◆ Records for the exercise:
☆ ☆ ☆ ☆ ☆ ☆ ☆

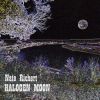 Download track Halogen Moon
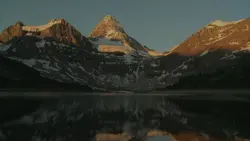 Phoenix Anthem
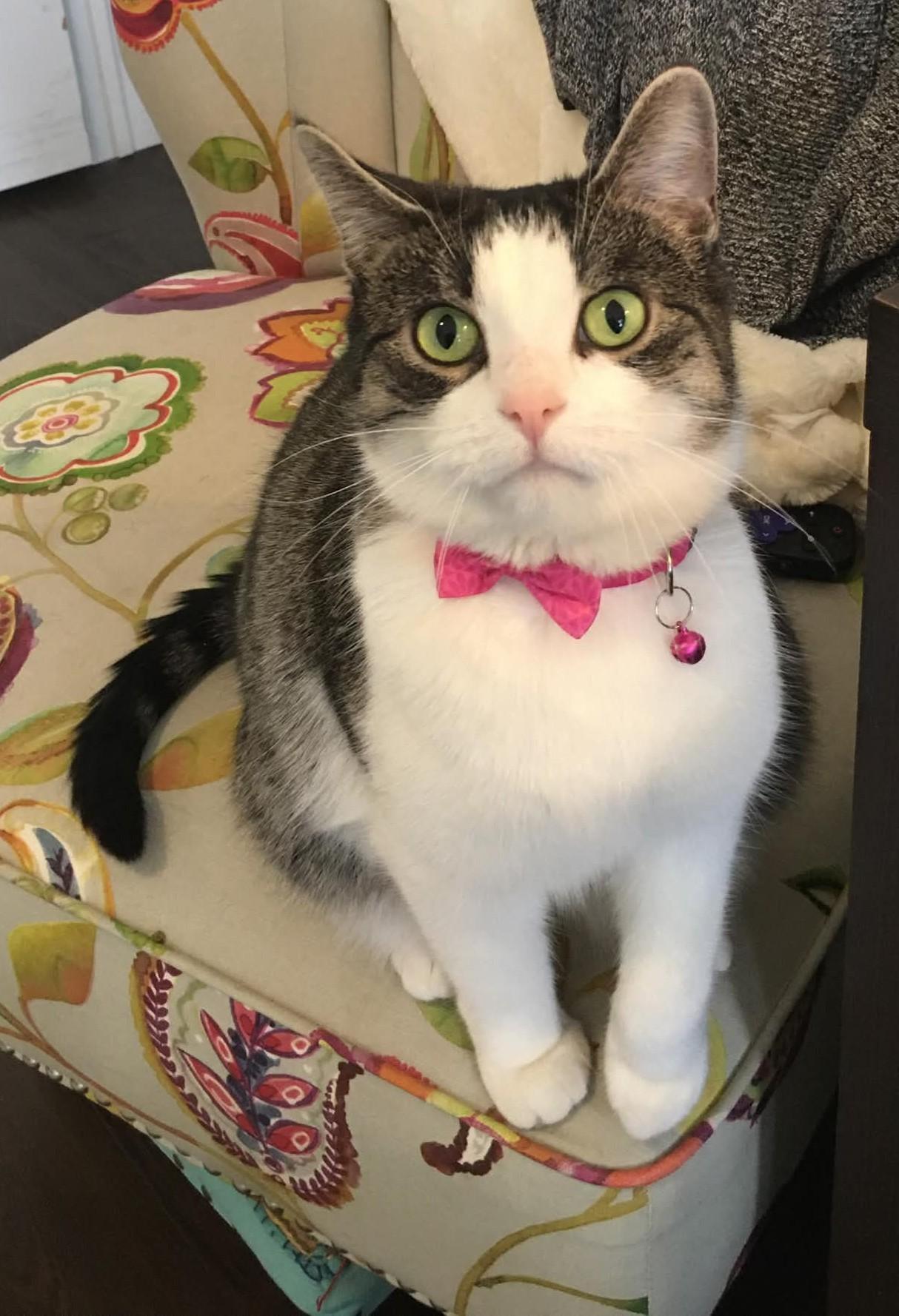 Enlarge Tink, a ADOPTABLE Tabby in Stoney Creek, ON image 1/4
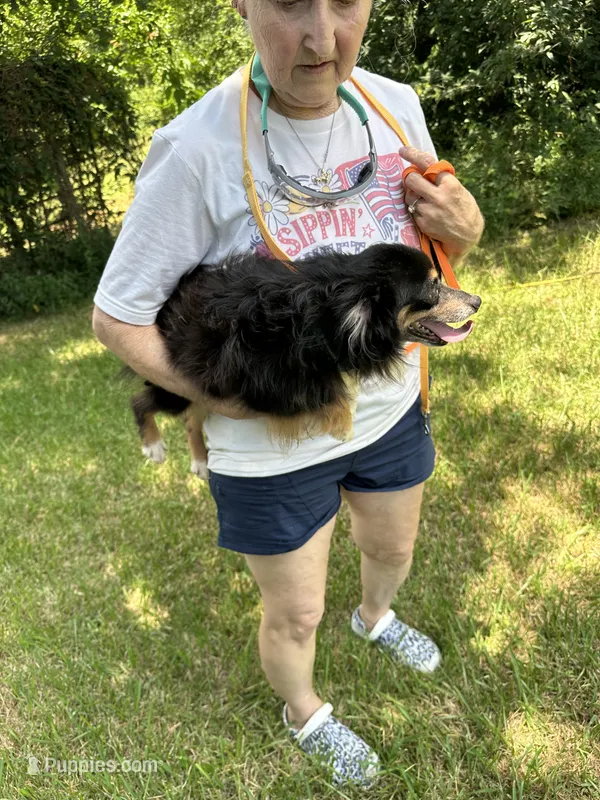 Spicey hot  – Toy Australian Shepherd puppy for sale in Navasota, TX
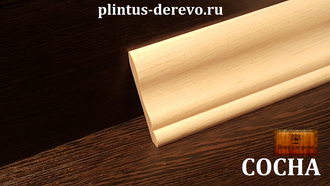 plintus-hvoia-lastochkin-hvost-80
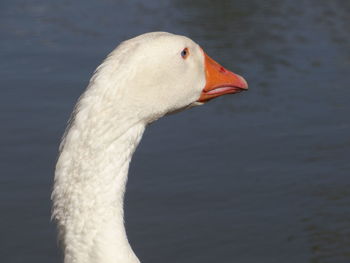 Close-up of goose swimming in lake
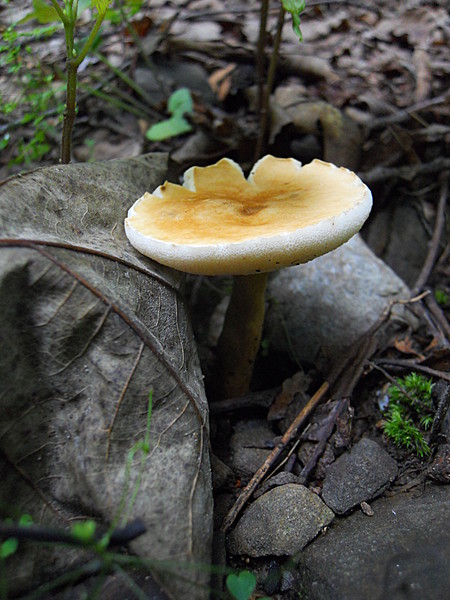 Along the trail - Cascade, MD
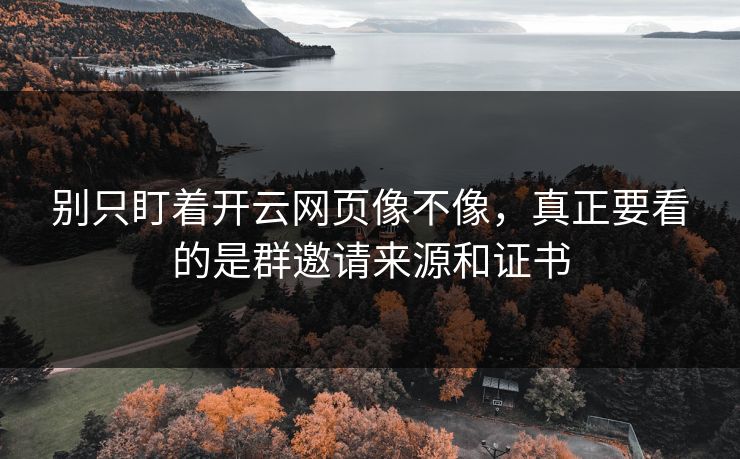 别只盯着开云网页像不像,真正要看的是群邀请来源和证书 别只盯着开云网页像不像,真正要看的是群邀请来源和证书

☆ ☆ ☆ ☆ ☆ ☆ ☆

◆ Exercise brief: The entries need to be restated exactly, and their pictures left out.

◆ Exercise output:
 Download track Halogen Moon
 Phoenix Anthem
 Enlarge Tink, a ADOPTABLE Tabby in Stoney Creek, ON image 1/4
 Spicey hot  – Toy Australian Shepherd puppy for sale in Navasota, TX
 plintus-hvoia-lastochkin-hvost-80
 Close-up of goose swimming in lake
 Along the trail - Cascade, MD
 别只盯着开云网页像不像,真正要看的是群邀请来源和证书 别只盯着开云网页像不像,真正要看的是群邀请来源和证书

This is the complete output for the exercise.